PROVIDED RECORDS:

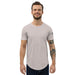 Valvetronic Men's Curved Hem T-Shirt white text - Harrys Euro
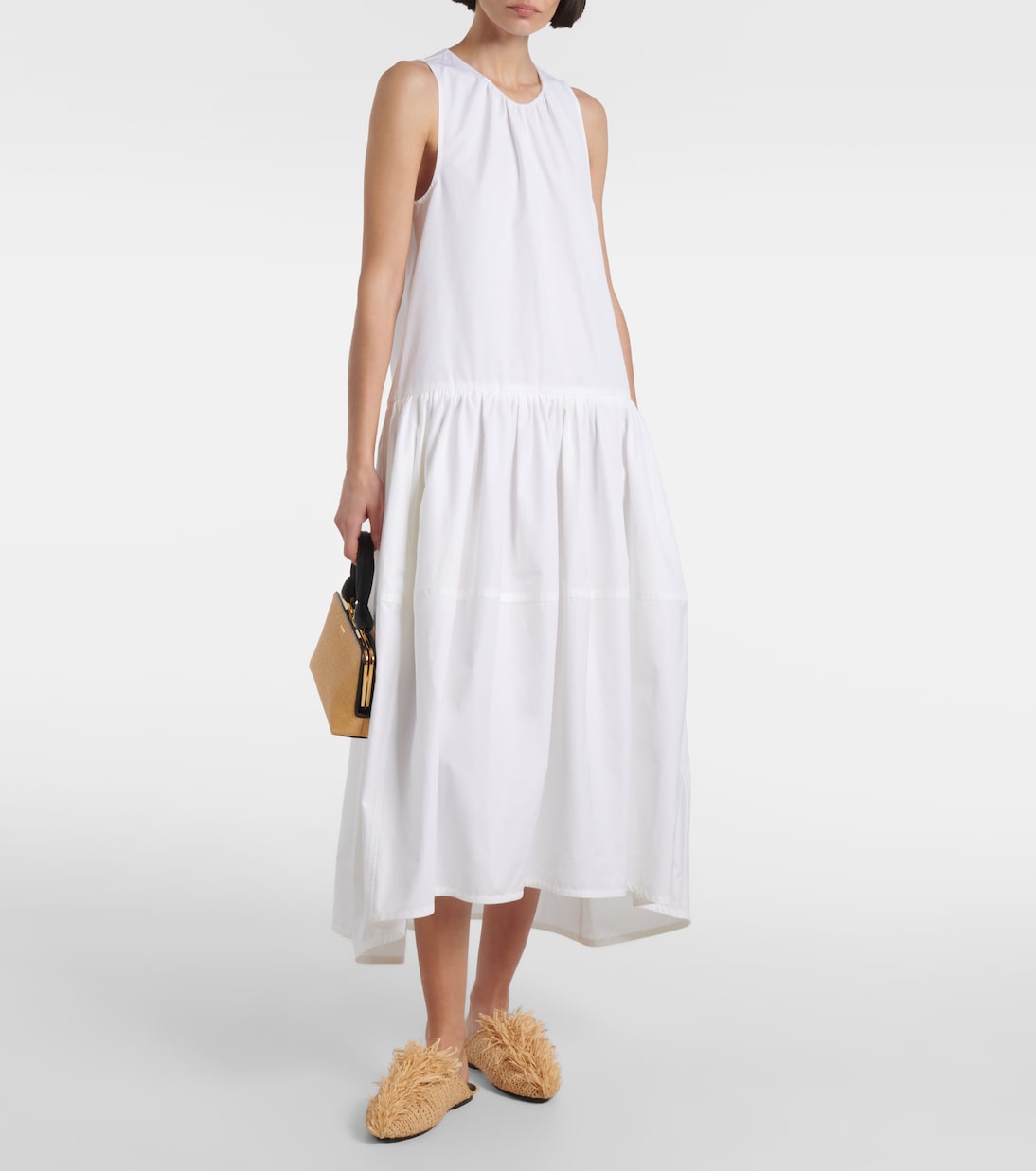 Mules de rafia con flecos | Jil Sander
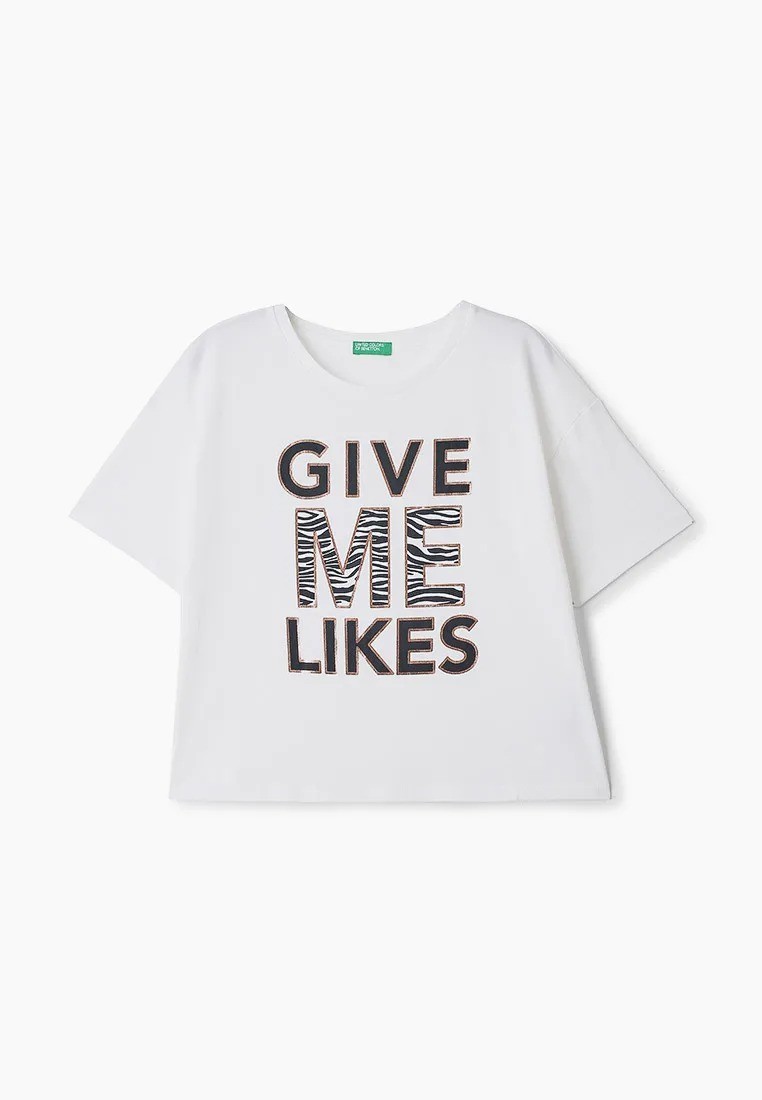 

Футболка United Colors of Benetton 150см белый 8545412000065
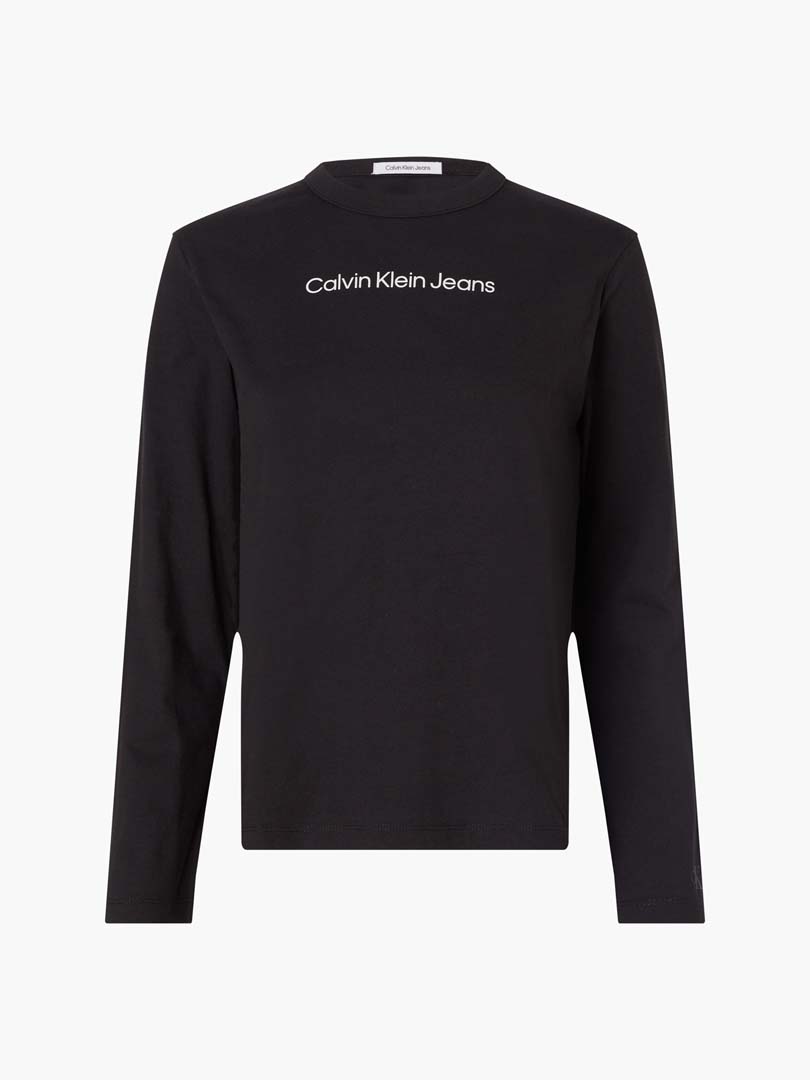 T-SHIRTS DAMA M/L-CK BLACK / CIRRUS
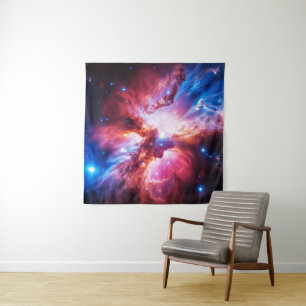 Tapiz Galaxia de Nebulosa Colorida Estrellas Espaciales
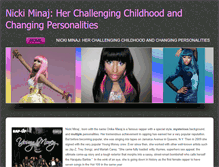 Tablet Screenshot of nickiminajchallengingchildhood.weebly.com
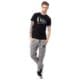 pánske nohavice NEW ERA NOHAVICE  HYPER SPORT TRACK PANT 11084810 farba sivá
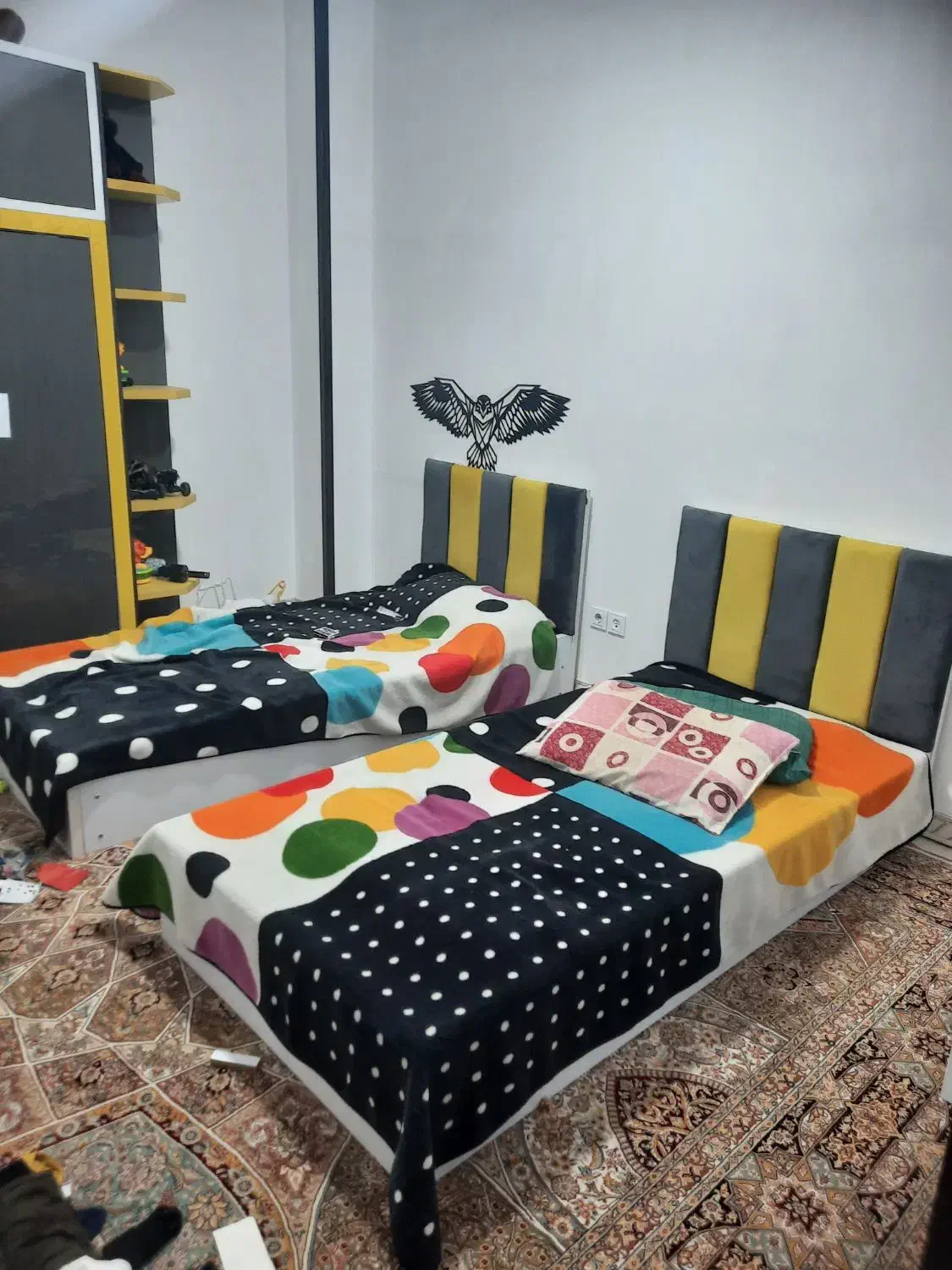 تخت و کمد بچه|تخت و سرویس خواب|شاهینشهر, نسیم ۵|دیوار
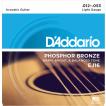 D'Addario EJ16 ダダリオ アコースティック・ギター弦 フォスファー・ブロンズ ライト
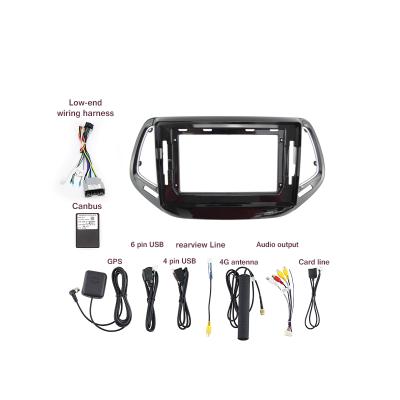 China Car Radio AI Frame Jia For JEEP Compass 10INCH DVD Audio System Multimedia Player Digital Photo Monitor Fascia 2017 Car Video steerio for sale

WHAT IS REQUIRED:
Drop the pictures, then reproduce exactly the lines from the one with "تخت و کمد بچه|تخت" through the final line of the listing.

SOLUTION:
 تخت و کمد بچه|تخت و سرویس خواب|شاهینشهر, نسیم ۵|دیوار
 D'Addario EJ16 ダダリオ アコースティック・ギター弦 フォスファー・ブロンズ ライト
 China Car Radio AI Frame Jia For JEEP Compass 10INCH DVD Audio System Multimedia Player Digital Photo Monitor Fascia 2017 Car Video steerio for sale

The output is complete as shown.